_DATA LISTING_

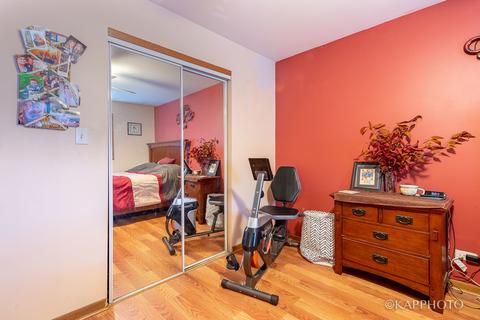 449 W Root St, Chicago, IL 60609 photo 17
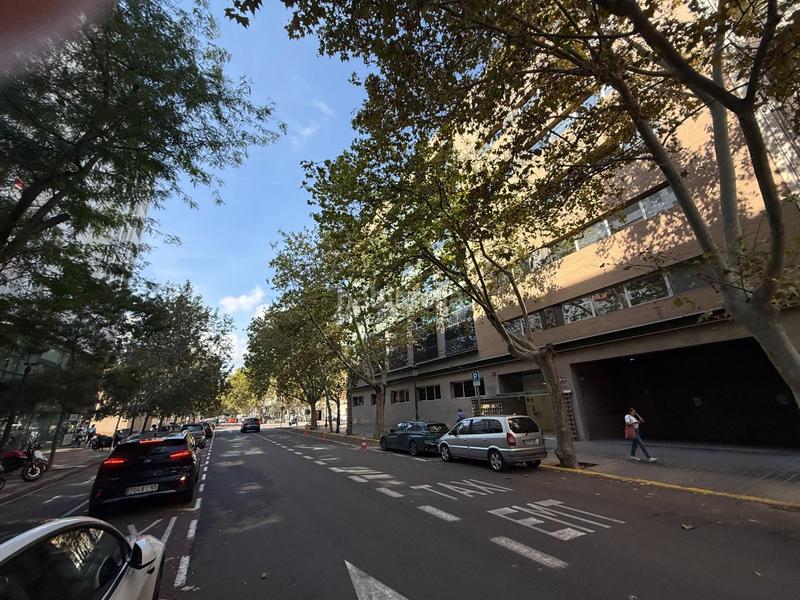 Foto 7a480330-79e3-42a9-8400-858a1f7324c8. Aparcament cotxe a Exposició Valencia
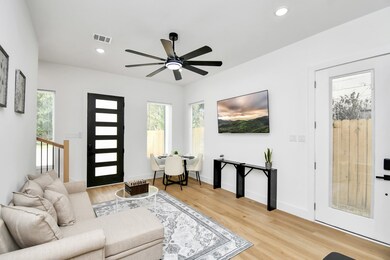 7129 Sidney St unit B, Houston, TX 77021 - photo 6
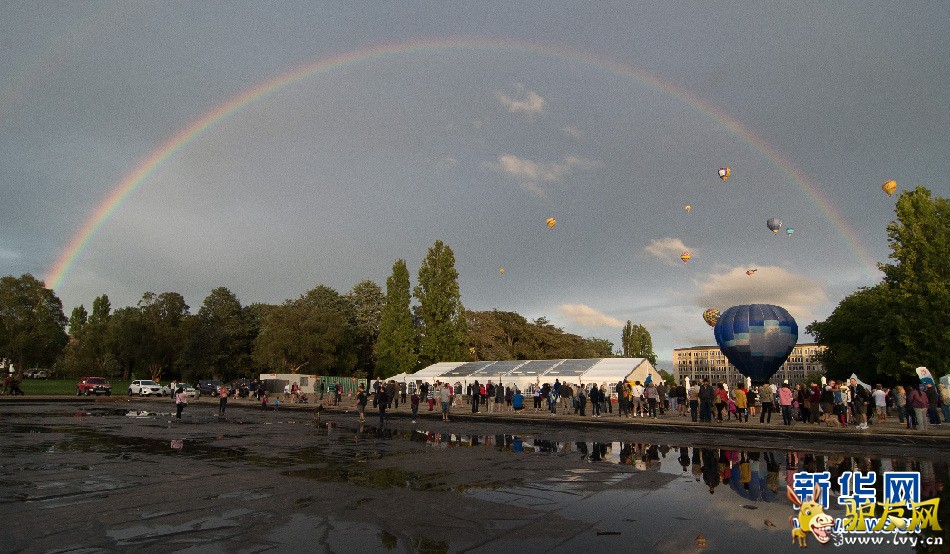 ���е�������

* * *

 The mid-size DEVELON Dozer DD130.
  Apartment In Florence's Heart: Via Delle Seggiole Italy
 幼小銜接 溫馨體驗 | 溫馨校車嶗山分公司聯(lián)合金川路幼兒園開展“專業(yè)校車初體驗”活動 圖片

--

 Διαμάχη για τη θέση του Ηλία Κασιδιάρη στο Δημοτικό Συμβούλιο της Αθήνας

_AIM OF THE EXERCISE_
Take exactly the lines from the one containing "Apartment In Florence's" through the one containing "幼小銜接 溫馨體驗 |" in the data above, and output them with nothing added.

_SOLUTION TO THIS TASK_
  Apartment In Florence's Heart: Via Delle Seggiole Italy
 幼小銜接 溫馨體驗 | 溫馨校車嶗山分公司聯(lián)合金川路幼兒園開展“專業(yè)校車初體驗”活動 圖片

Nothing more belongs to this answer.